Rancher Cliven Bundy greets supporters before a roadside church service at a protest site in Bunkerville April 13, 2014.
Rancher Cliven Bundy greets supporters before a roadside church service at a protest site in Bunkerville April 13, 2014.
Senate Majority Leader Harry Reid (D-Nev.) responded two weeks ago to the standoff at Cliven Bundy's Nevada ranch in very forceful terms. "Those people who hold themselves out to be patriots are not," Reid said. "They're nothing more than domestic terrorists."
And while most Republican officials were reluctant to publicly disagree, Reid's fellow Nevadan, Sen. Dean Heller (R) decided to stick his neck out. "What Sen. Reid may call domestic terrorists, I call patriots," Heller said. "We have a very different view on this." The Republican senator added that federal officials have "made a lot of people very uncomfortable" by trying to enforce federal law.
That, of course, was before Bundy's jaw-dropping racism changed the political calculus. Heller is now reevaluating his position.

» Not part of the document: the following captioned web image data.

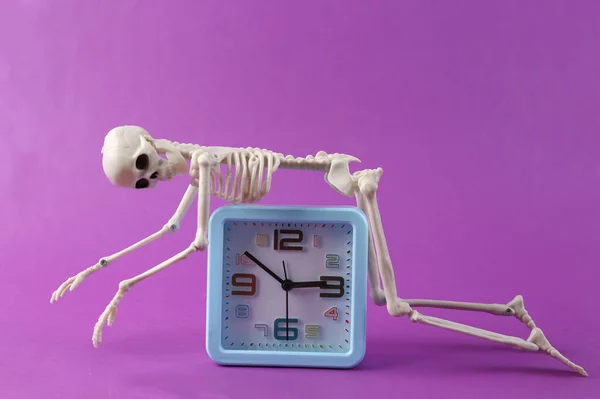 Esqueleto Despertador Sobre Fondo Púrpura Fecha Límite —  Fotos de Stock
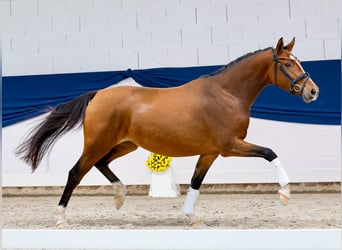 Duitse rijpony, Merrie, 3 Jaar, 149 cm, Bruin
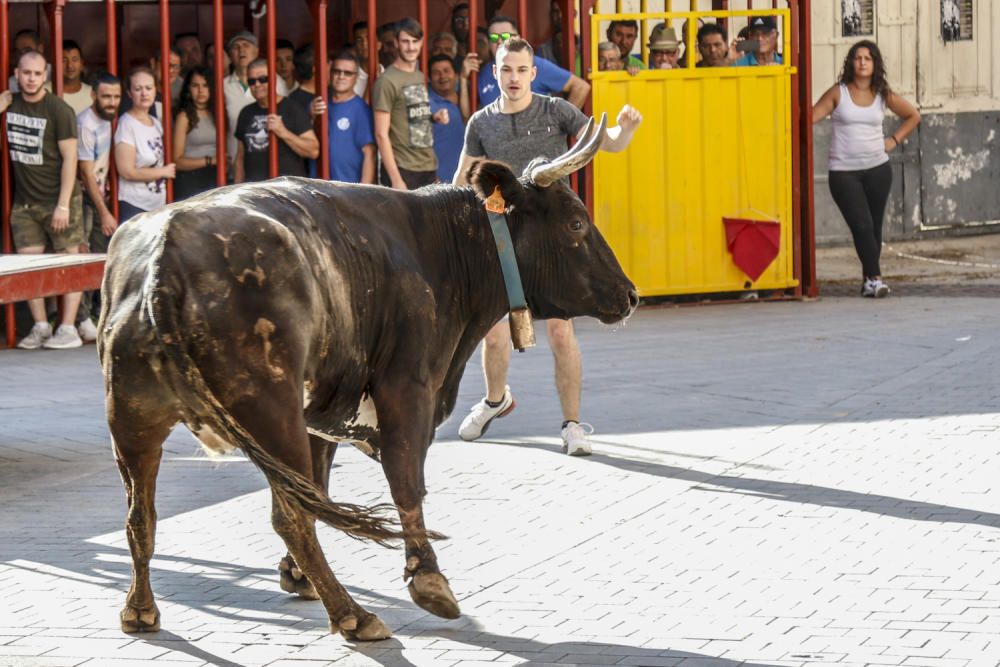 Encierro de toros en Castalla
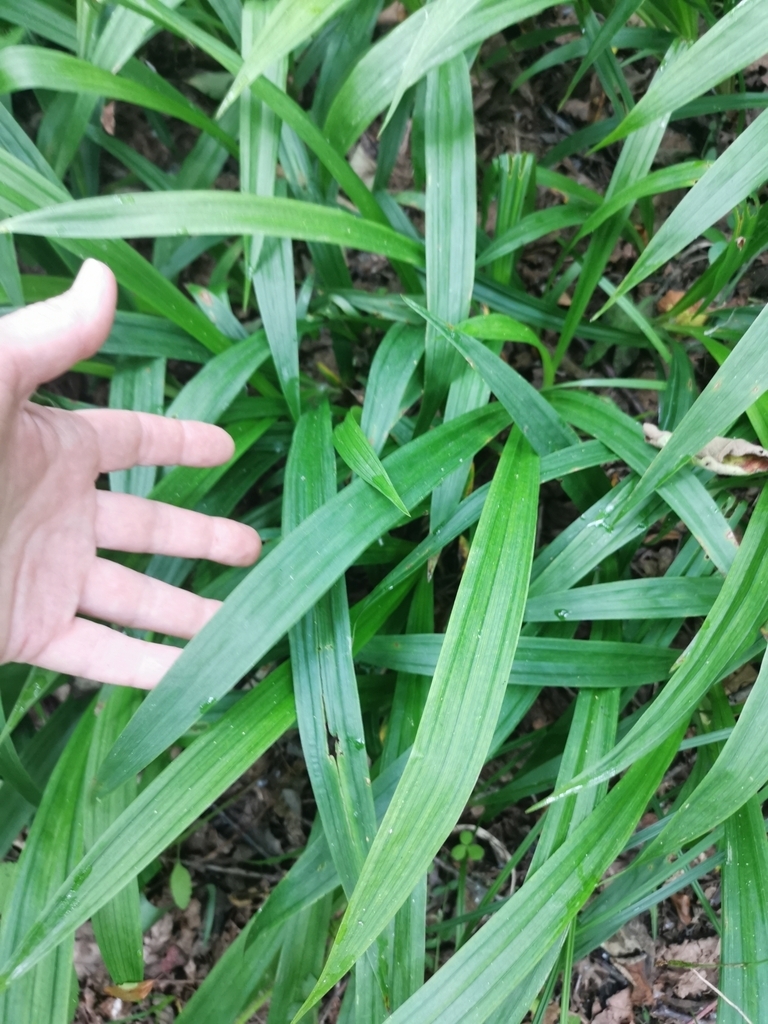 Mass of broad, strappy, grassy leaves. Hand for scale.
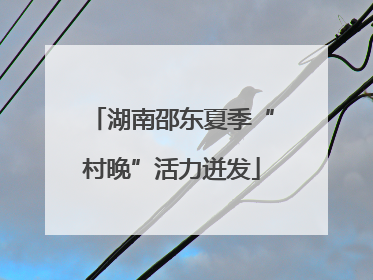 湖南邵东夏季“村晚”活力迸发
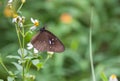 Male striped blue crow butterfly Euploea Mulciber Royalty Free Stock Photo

As criticism has mounted over the controversial Nevada rancher's comments and tactics, the GOP senator is distancing himself from Bundy and his supporters after referring to them as "patriots" earlier this month. "I am very quick in calling American citizens 'patriots,'" Heller said in an interview. "Maybe in this case, too quick."

You don't say.
Heller went on to explain, "I want to make it very clear that I never called Bundy a patriot. And I believe Bundy should have been paying those fees."
I haven't found any evidence that the GOP senator specifically called Bundy a patriot, but let's not lose sight of the context: Heller said, "What Sen. Reid may call domestic terrorists, I call patriots." He appeared to be referring to the well-armed protestors and militia members who'd rallied to support Bundy in his crusade to ignore laws and court orders he doesn't like -- because he doesn't believe the United States government exists.
Heller saw these folks create a tense, potentially violent standoff with U.S. officials and then he called them "patriots." Whether or not he specifically used the word in relation to Bundy is interesting, but it's not the key detail.
The senator added that about "80 percent" of the protesters were "people I called patriots," but there were "some bad apples in there, bad actors, no doubt."
How does Heller arrive at this figure? He hasn't said.
Meanwhile, the well-armed protestors and militia members Heller praised are reportedly still at work in the area.

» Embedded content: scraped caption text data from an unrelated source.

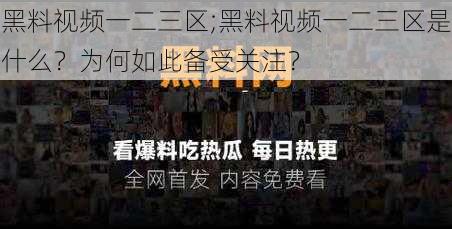 黑料视频一二三区;黑料视频一二三区是什么？为何如此备受关注？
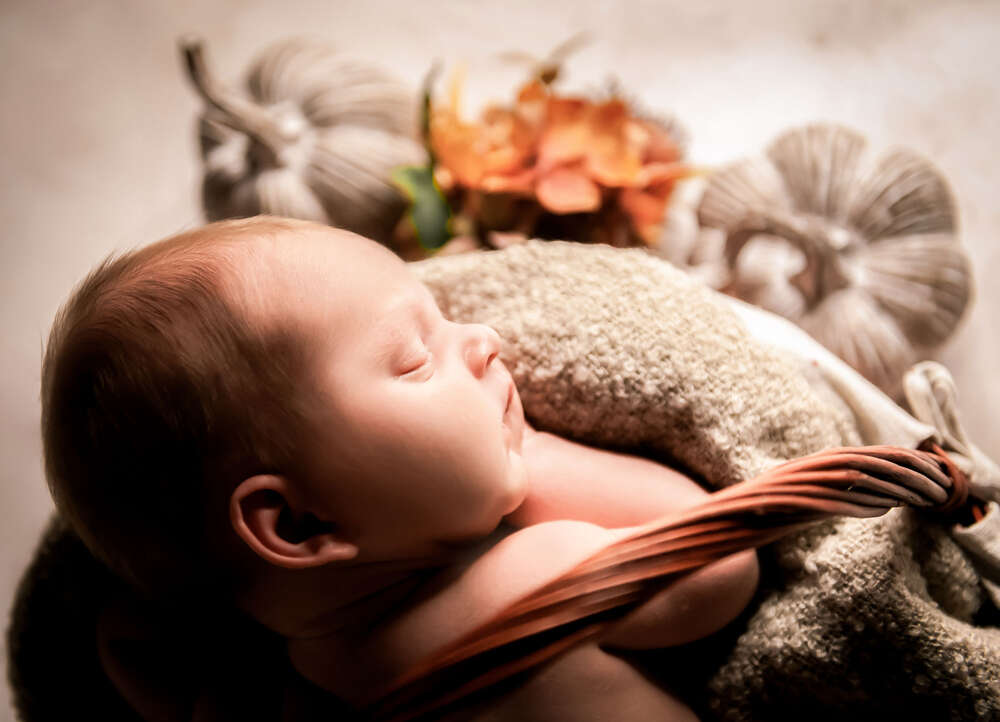 Photo Sterner (Photo Sterner)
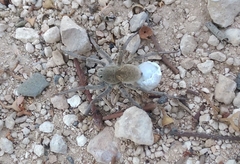 Portacosa cinerea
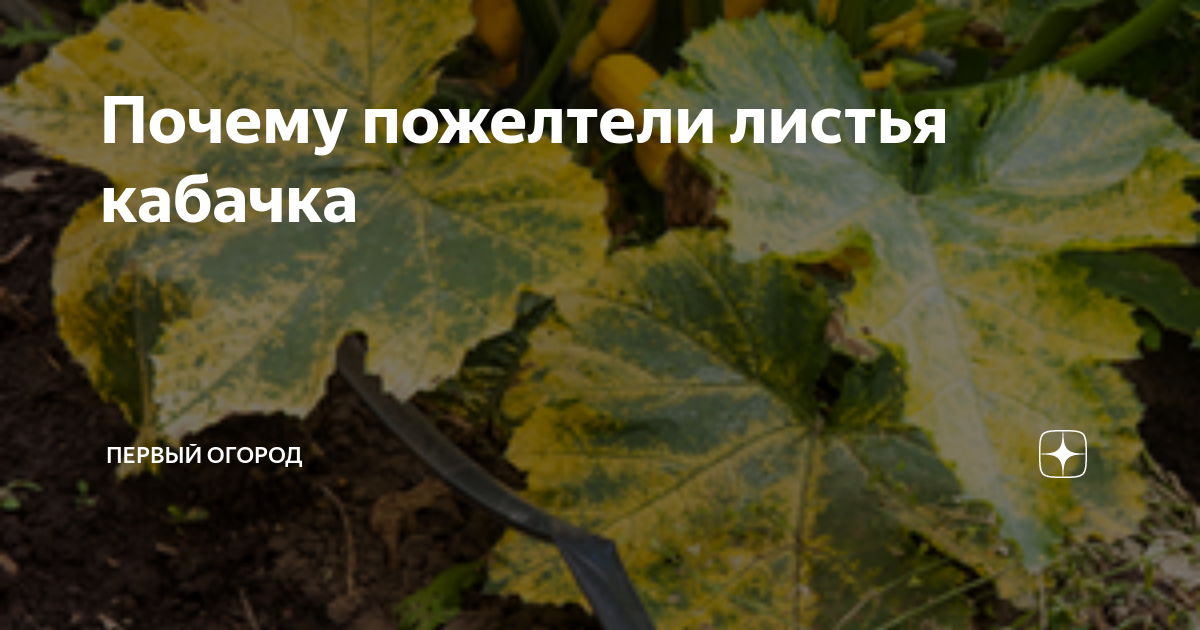 Почему желтеют листья у кабачков в открытом грунте: что делать и как с этим бороться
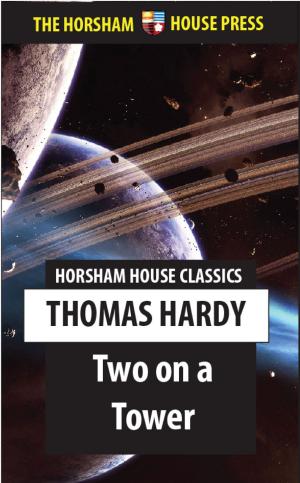 Cover of the book Two on a Tower by George Haw
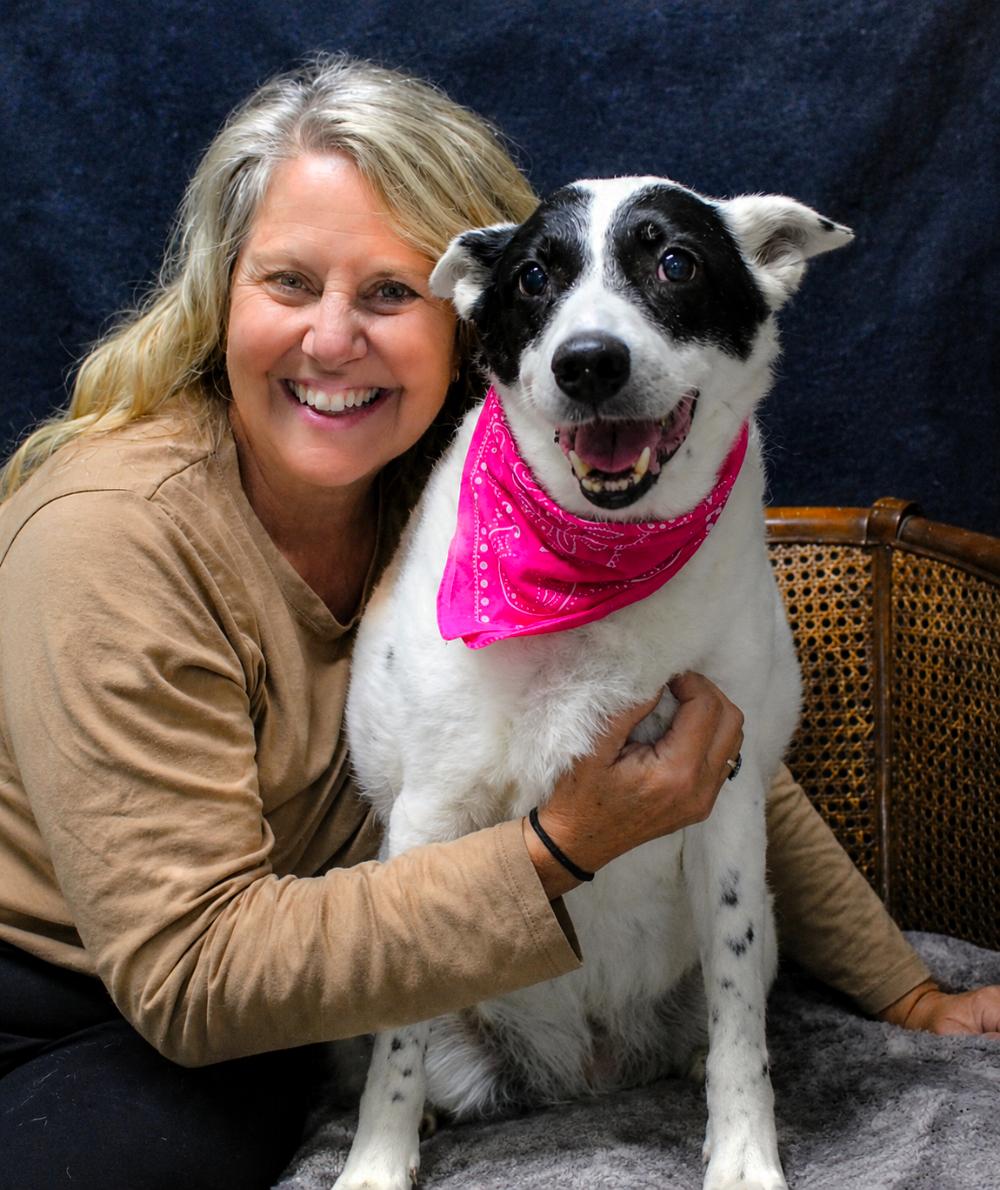 Enlarge Sadie, a ADOPTABLE mixed breed in Cheboygan, MI image 3/6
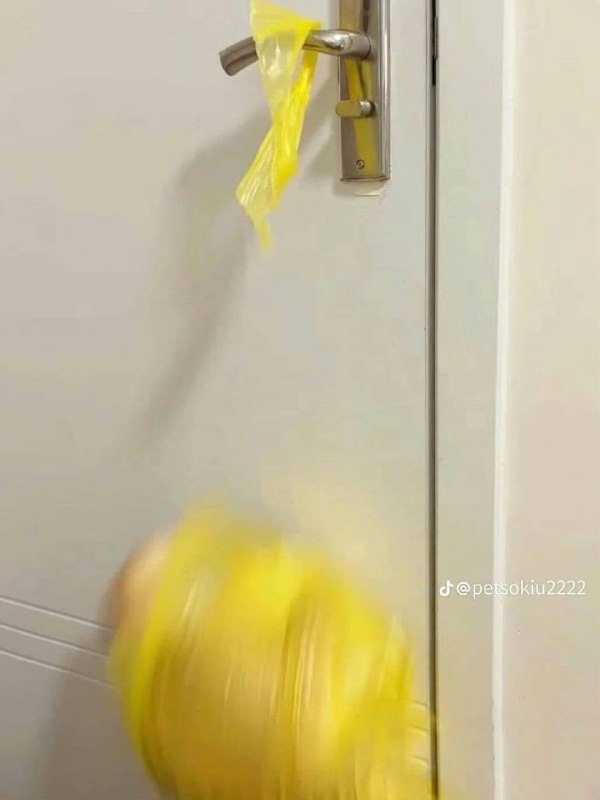 #猫猫#猫猫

A Democratic congressman from Nevada said in a letter this week that his constituents have reported the armed militia supporting rancher Cliven Bundy have set up checkpoints to verify the residency of anybody passing through. Rep. Steven Horsford (D-NV), who represents the area, sent the letter Sunday to Clark County Sheriff Doug Gillespie, asking him to investigate. "I am writing to bring your attention to the ongoing situation in northeastern Clark County which has caused many of my constituents to fear for their safety," Horsford wrote. Residents in the area "have expressed concern over the continual presence of multiple out-of-state, armed militia groups that have remained in the community" since Bundy's dispute with the Bureau of Land Management came to a boil.

The letter added that militia members have reportedly "set up checkpoints where residents are required to prove they live in the area before being allowed to pass."
I'm trying to wrap my head around this. If you were to tell me that in Eastern Ukraine, there are checkpoints at which armed men are demanding documents from local residents before they're allowed to pass, I'd believe you.
But to think this is happening right now in the United States is more than a little unsettling.